Clear selection criteria for projects to be admitted to the portfolio. Every project demands resources and management attention. Hence the need for strict criteria, typically along three dimensions:
Potential value of the innovation project (can it potentially be huge?)
Quality of project leadership (are innovation leadership competencies in place? Is the dream team secured? Are at least one or two senior sponsors excited and committed?)
Ability to deliver (can the company’s assets, skills, and relationships be leveraged? Is there a competitive edge?)
Innovation project funding based on small, bite-sized steps to enable quick learning and pivoting where needed. Traditional annual budgeting processes are typically too slow and sluggish to properly support innovation projects that need fast and agile funding. Instead, innovation projects need small chunks of funding, released as projects hit their key external metrics.
Progress tracking based on external metrics. It is important to avoid focusing on internal metrics when tracking progress on innovation projects. Giving too much consideration to the hours worked, the excitement of the project team, internal audit, etc., can give a false sense of progress. Metrics are ideally measured with external factors: customer interview and market research results, customer feedback from the pilot or prototype, first launch customer commitment, and first customer revenues secured.
A portfolio manager that is empowered to make decisions and incentivized on success of portfolio rather than performance of individual projects.
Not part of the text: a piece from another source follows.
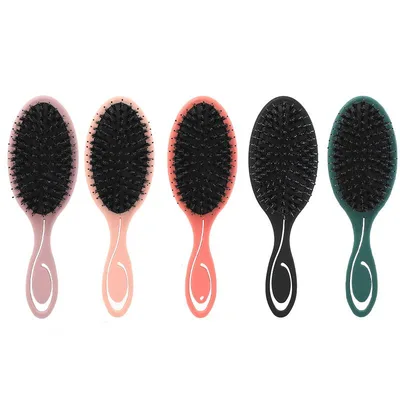 ヘアブラシ レディース 豚毛 クッションブラシ パドルブラシ 頭皮マッサージ スタイリング ヘアケア くし サラサラ ボリュームアップ 携帯便利 自宅用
Often, the portfolio manager will manage the process and be expected to support every project in the portfolio. This will quickly lead to an explosion of resource requirements as lagging projects start to request more and more support.
Management and resource allocation based on probability of success. The portfolio manager should ensure that the most successful innovation projects can move forward as fast as possible, and that failing projects are terminated before external commitments have been made and too much budget has been wasted.
Every innovation project is expected to keep focus. Focus means upholding a strict customer orientation, changing course when the project is stalling, and spending budget as if it is one’s own money.
Culling failing projects should not have personal consequences for the project team. Projects often fail because of hidden false assumptions, and not because of lack of commitment or execution skills (which can be avoided through proper orchestration of the project team). Discovering these false assumptions constitutes organizational learning. The project team members document and share these learnings, and then move on to the next project.
Progress tracking and information sharing are key IT needs. By tracking the progress of each project in a real-time, transparent way, resource reallocation can be swift. Through information sharing between the teams, cross-team learning is institutionalized and teams are more motivated.
Innovation takes time to adapt and perfect. The process will take unexpected twists and turns along the way, and requires a centred mind and direction to avoid getting swayed in opposing paths. Any enterprise would benefit from a portfolio on innovation management, to accurately calculate the steps that led to either success or failure.